A new study suggests that the Wiedemann-Franz law, which links electronic conductivity and thermal conductivity, remains valid for copper oxide superconductors. Research shows that differences in quantum materials arise from non-electronic factors such as lattice vibrations. This discovery has important implications for understanding unconventional superconductors and may advance the field. This surprising result is important for understanding unconventional superconductors and other materials in which electrons come together to act collectively.

Long before researchers discovered electrons and their role in producing electric current, they had understood electricity and were exploring its potential. They learned early on that metals are the best conductors of electricity and heat.

In 1853, two scientists discovered that there was a connection between these two amazing properties of metals: At any given temperature, the ratio of electronic conductivity to thermal conductivity was roughly the same for any metal they tested. This so-called Widmann-Franz law still applies today - except in quantum materials, where electrons no longer behave like individual particles but clump together, forming a kind of electron soup. Experimental measurements show that this 170-year-old law is broken in these quantum materials.
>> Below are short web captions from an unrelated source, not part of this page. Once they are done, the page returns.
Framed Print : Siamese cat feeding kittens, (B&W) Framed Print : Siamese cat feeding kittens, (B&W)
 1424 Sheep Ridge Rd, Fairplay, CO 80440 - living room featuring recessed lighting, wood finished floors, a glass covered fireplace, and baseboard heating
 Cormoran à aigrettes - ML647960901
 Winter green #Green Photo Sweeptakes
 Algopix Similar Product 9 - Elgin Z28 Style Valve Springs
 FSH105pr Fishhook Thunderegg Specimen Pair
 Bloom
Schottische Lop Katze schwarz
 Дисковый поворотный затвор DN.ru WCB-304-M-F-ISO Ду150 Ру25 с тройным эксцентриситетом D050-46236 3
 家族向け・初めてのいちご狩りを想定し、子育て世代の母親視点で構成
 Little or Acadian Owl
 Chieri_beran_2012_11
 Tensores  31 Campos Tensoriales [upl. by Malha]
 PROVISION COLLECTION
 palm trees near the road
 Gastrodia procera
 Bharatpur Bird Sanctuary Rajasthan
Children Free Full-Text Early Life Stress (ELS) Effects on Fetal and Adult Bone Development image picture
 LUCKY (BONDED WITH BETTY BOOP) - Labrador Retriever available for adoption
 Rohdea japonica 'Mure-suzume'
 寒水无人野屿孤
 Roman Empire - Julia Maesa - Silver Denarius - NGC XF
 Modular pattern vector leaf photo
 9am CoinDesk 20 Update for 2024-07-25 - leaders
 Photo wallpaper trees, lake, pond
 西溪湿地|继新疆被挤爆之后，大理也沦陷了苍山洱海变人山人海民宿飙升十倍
Illustration: Strongly interacting electrons carry heat and charge from hotter regions of a quantum material to cooler regions. A theoretical study by SLAC, Stanford University, and the University of Illinois found that in quantum materials like cuprates—where electrons clump together and act cooperatively—the ratio of heat transfer to charge transfer should be similar to the ratio in ordinary metals where the electrons act as individuals. This surprising result overturns the 170-year-old idea that the Widmann-Franz law does not apply to quantum materials. Source: Greg Stewart/SLAC National Accelerator Lab

New insights into quantum materials

Now, a theoretical argument by physicists at the U.S. Department of Energy's SLAC National Accelerator Laboratory, Stanford University, and the University of Illinois suggests that the law actually applies roughly to a type of quantum material—copper oxide superconductors, or cuprates—that conduct electricity at relatively high temperatures without loss.

They proposed in a paper published in the journal Science on November 30 that if only electrons in cuprate are considered, the Wiedemann-Franz law should still roughly hold. They suggested that other factors, such as vibrations in the material's atomic lattice, must explain why the experimental results did not appear to apply to the law.

Learn about unconventional superconductors

Wang Wen (transliteration), the first author of the paper and a doctoral student at SLAC's Stanford Institute for Materials and Energy Sciences (SIMES), said that this surprising result is very important for understanding unconventional superconductors and other quantum materials.

"The original law was proposed for materials in which electrons interact weakly and behave like small balls bouncing off defects in the material's crystal lattice," Wang said. "We wanted to theoretically test the law in a system where neither situation exists."

Superconducting materials were discovered in 1911 and can carry electrical current without resistance. But they operate at extremely low temperatures and have very limited uses.

This changed in 1986, when the first so-called family of high-temperature or unconventional superconductors - copper oxides - was discovered. Although cuprates still need extremely cold conditions to work their wonders, their discovery raises hope that superconductors could one day operate closer to room temperature, making revolutionary technologies like lossless power lines possible.

After nearly four decades of research, this goal remains elusive, although great progress has been made in understanding the conditions that bring superconducting states in and out.

Theoretical Research and the Role of Hubbard’s Model

Theoretical studies with the help of powerful supercomputers are crucial to interpret experimental results on these materials and to understand and predict phenomena that are not possible experimentally.

In this study, the SIMES team performed simulations based on the so-called Hubbard model, which has become an important tool for simulating and describing systems in which electrons stop acting independently and join forces to produce unexpected phenomena.

The results show that if only electron transport is considered, the ratio of electronic conductivity to thermal conductivity is close to the value predicted by the Widmann-Franz law, so the differences seen in the experiment should come from other aspects, such as phonons or lattice vibrations, which are not in Hubbard's model.

future research directions

While the study didn't investigate how the vibrations caused the difference, "somehow the system still knew that there was this correspondence between charge and heat transfer between electrons," said SIMES scientist and paper co-author Brian Moritz. "That was the most surprising result."

Reference "Wiedemann-Franz law in doped Mott insulators without quasiparticles", author: Wang Wennao, Ding Jixun, Yoni Schattner, Edwin W. Huang, Brian Moritz and Thomas P. Devereaux, November 30, 2023, "Science".